Located in Plaza del Azoguejo, this is what most tourists will come to Segovia to see. It dates back to the late 2nd Century CE, which is bloody old and it’s classed as one of Spain’s greatest historical engineering accomplishments. It’s breathtaking to behold and when you think about all 25,000 ish blocks that hold it together (without mortar!) your non engineer mind shuts down, much like when I try to comprehend the universe. What even is it!? Oh, the aqueduct is also more than half a mile long. Nope. Can’t deal.

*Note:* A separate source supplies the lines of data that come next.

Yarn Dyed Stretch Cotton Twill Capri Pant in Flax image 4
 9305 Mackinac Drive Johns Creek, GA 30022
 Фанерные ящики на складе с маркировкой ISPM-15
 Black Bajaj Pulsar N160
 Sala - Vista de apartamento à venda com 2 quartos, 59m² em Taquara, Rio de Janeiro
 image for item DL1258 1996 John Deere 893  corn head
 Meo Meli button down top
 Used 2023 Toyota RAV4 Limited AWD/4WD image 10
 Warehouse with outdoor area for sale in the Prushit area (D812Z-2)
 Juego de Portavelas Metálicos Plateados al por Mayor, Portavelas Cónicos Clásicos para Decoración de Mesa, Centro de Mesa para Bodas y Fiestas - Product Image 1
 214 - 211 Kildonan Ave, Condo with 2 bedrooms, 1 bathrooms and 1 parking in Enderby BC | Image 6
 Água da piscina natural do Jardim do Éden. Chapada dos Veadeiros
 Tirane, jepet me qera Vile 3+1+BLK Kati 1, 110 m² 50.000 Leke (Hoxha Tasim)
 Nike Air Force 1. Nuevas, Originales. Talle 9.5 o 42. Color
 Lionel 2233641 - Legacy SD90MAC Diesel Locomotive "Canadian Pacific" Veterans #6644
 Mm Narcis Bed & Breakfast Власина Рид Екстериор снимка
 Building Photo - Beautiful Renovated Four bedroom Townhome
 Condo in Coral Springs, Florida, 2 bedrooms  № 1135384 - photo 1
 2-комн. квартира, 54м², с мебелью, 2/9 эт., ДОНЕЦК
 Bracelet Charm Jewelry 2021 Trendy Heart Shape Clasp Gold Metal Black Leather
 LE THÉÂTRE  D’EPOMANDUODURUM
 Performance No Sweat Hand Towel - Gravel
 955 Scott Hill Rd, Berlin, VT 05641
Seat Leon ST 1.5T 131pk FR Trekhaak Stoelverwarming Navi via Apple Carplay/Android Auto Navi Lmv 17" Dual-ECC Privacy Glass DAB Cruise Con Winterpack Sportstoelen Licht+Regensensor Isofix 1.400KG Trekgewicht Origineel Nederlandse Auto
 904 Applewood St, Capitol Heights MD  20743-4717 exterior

This blew me away. Absolute, architectural perfection. The ‘Lady of Cathedrals’ is the last Gothic building built in Spain and has been around since the late 1700s. There’s not much to say about this other than you need to see this building before you die.
Middle Eastern Cuisine at Tuma
My friend had raved about this Arabic / Middle Eastern eatery for the entire trip. She had every right to do so. It was one of the most beautiful meals I’ve ever eaten (I’ve eaten a lot) and for what you get it’s very reasonable. The average cost of a main sitting at roughly €11.00. It’s money well spent, trust me. The owner was lovely and treated us to some fresh mint tea in vibrant mosaic cups because we ordered so much food. If you go to Segovia you must eat here! It’s really close to Plaza del Azoguejo so you have no excuse if you’re visiting the aqueduct.
I implore you to visit the City of Segovia. It’s one of the most beautiful places I’ve ever visited and I’d go back in a heartbeat. See the sights I saw and take a stroll around the city perimeter too, the views are astounding. For the cost of €10 return and 1.5 hour bus ride from Madrid, it’s a small price to pay to experience something so amazing.